PROBLEM REQUIREMENTS:
Please, from the entries below, transcribe exactly the lines that begin at the line with "Macular hole oct indices ???? | Eyecare" and end at the line with "Download Scientific Diagram", without the pictures.

--- PROVIDED RECORDS Enclosed Below ---

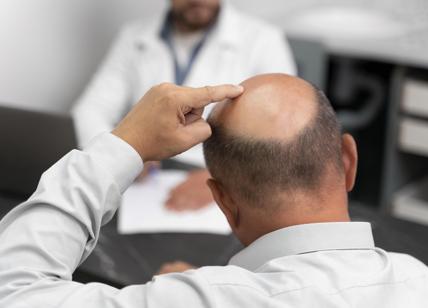 Caduta capelli cause: 9 possibili ragioni per la perdita della chioma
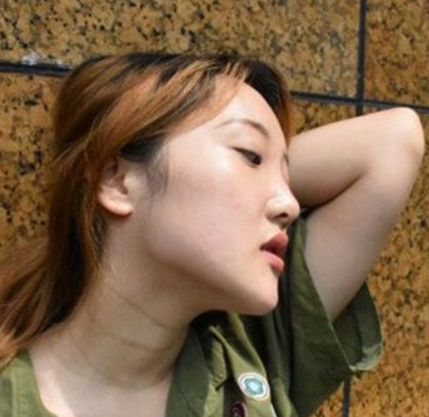 上海九院韦敏怎么预约?想挂上海九院韦敏医生的号做下颌角磨骨手术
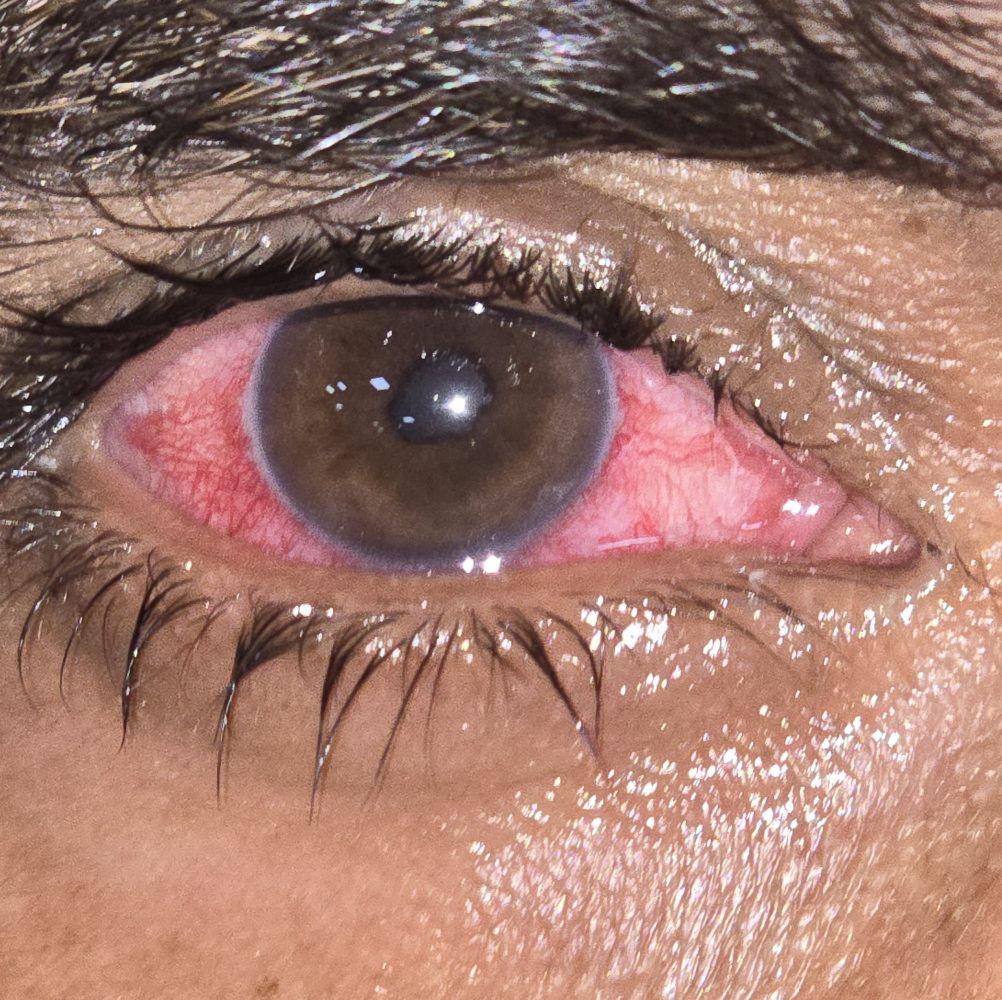 Macular hole oct indices ???? | Eyecare
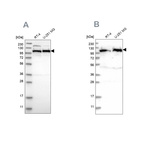 Anti-IARS2 Antibody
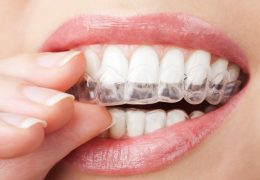 Which Teeth Whitening Products Work Best?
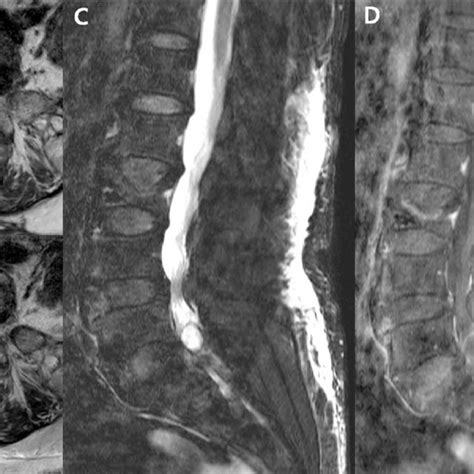 CT-myelogram of the lumbar spine showing a right intra-canalar,... | Download Scientific Diagram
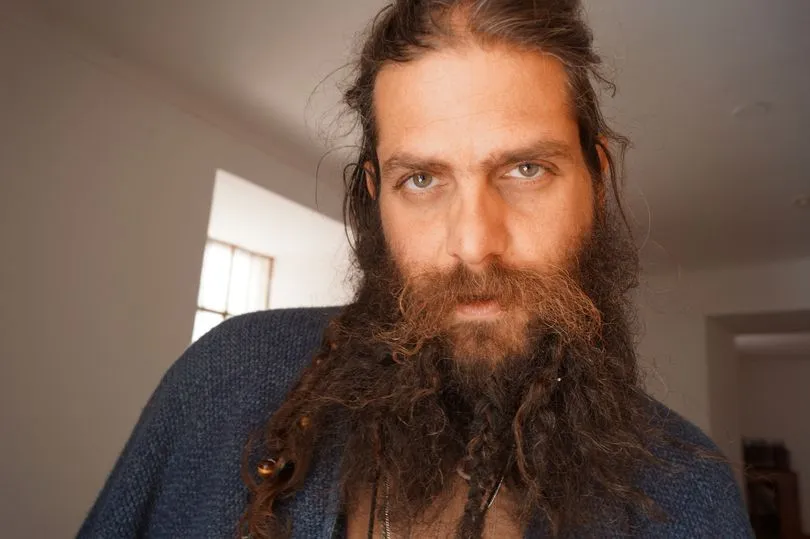 Mazzi Dumato, pengusaha kaya raya yang insyaf setelah alami kecelakaan hebat © mirror.co.uk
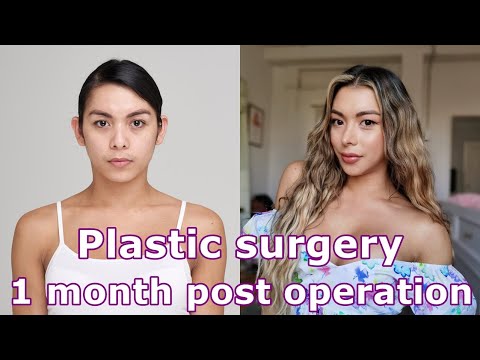 Transgender Facial Feminization surgery (FFS) in Korea : 1 month post operation review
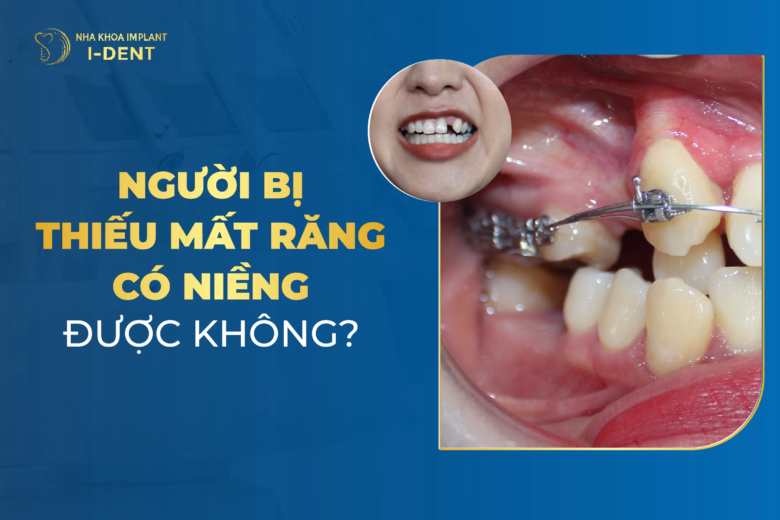 mất răng có niềng được không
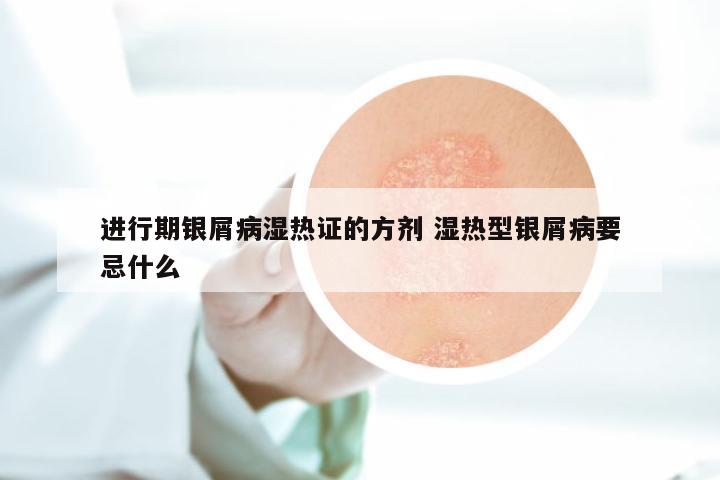 进行期银屑病湿热证的方剂 湿热型银屑病要忌什么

--- End of Enclosed PROVIDED RECORDS ---

ANSWER:
 Macular hole oct indices ???? | Eyecare
 Anti-IARS2 Antibody
 Which Teeth Whitening Products Work Best?
 CT-myelogram of the lumbar spine showing a right intra-canalar,... | Download Scientific Diagram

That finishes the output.